Inside the Great Mosque of Damascus in Syria. It is one of the largest and oldest mosques in the world.
(This is taken from a sermon Istrabadi delivered at the Unitarian Universalist Church in Bloomington, Indiana, January 2011.)
By Zaineb Istrabadi
Let me say a few words about myself: I am a Muslim, and I am decent! I am a Moslem, and I am decent. I am an Islamic, and I am decent! I am an Arab, and I am decent! I am an Ay-rab and I am decent! I am an Iraqi, and I am decent! I am an Eye-raqi, and I am decent! I am a towel-head, and I am decent! I am a rag-head, and I am decent! I am a camel-jockey, and I am decent. I am a dirty Ay-rab as I wipe the spit from my face in 1970, and I am decent. I am a sand-nigger, and I am decent.
“The only good Arab is a castrated Arab,” I was told by my lab partner in Zoology class at IU in 1973. I am a castrated Arab, and I am decent!
In the late 1970s when I was the only Muslim in my Hebrew class, and when I came out of the closet about being an Arab, suddenly I was the only one sitting on one side of the class with the rest on the other side. I am an ostracized Arab, and I am decent!
During the Gulf War of 1991 a woman came out of Zabar’s on the Upper West Side of Manhattan saying that she was afraid of the Arabs of the city committing a terrorist act because, and I quote, “Terrorism is the Arabs’ forte.” I am a terrorist, and I am decent!

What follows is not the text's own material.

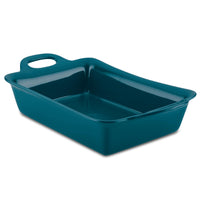 The 9-Inch x 13-Inch Ceramic Baker, in a lovely teal color, is perfect for oven-safe recipes and includes a convenient handle on one end.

Yes, I am a Muslim, but Mitt Romney would not have found me fit for serving this nation of ours because of my Islam! No, when asked he said he would never hire a Muslim American to serve in high office even if that person were qualified. This, from a man whose church had been persecuted for decades as they moved across the country westtwards from New York to as far away as Utah! I am unfit to serve, and I am decent!
When a woman expressed her fears to Senator McCain that then Senator Obama is an Arab, “No, no,” he said, as he took the microphone from her on national television, “No, no, no ma’am. He’ a decent family man.” I am an Arab Muslim, and I am decent.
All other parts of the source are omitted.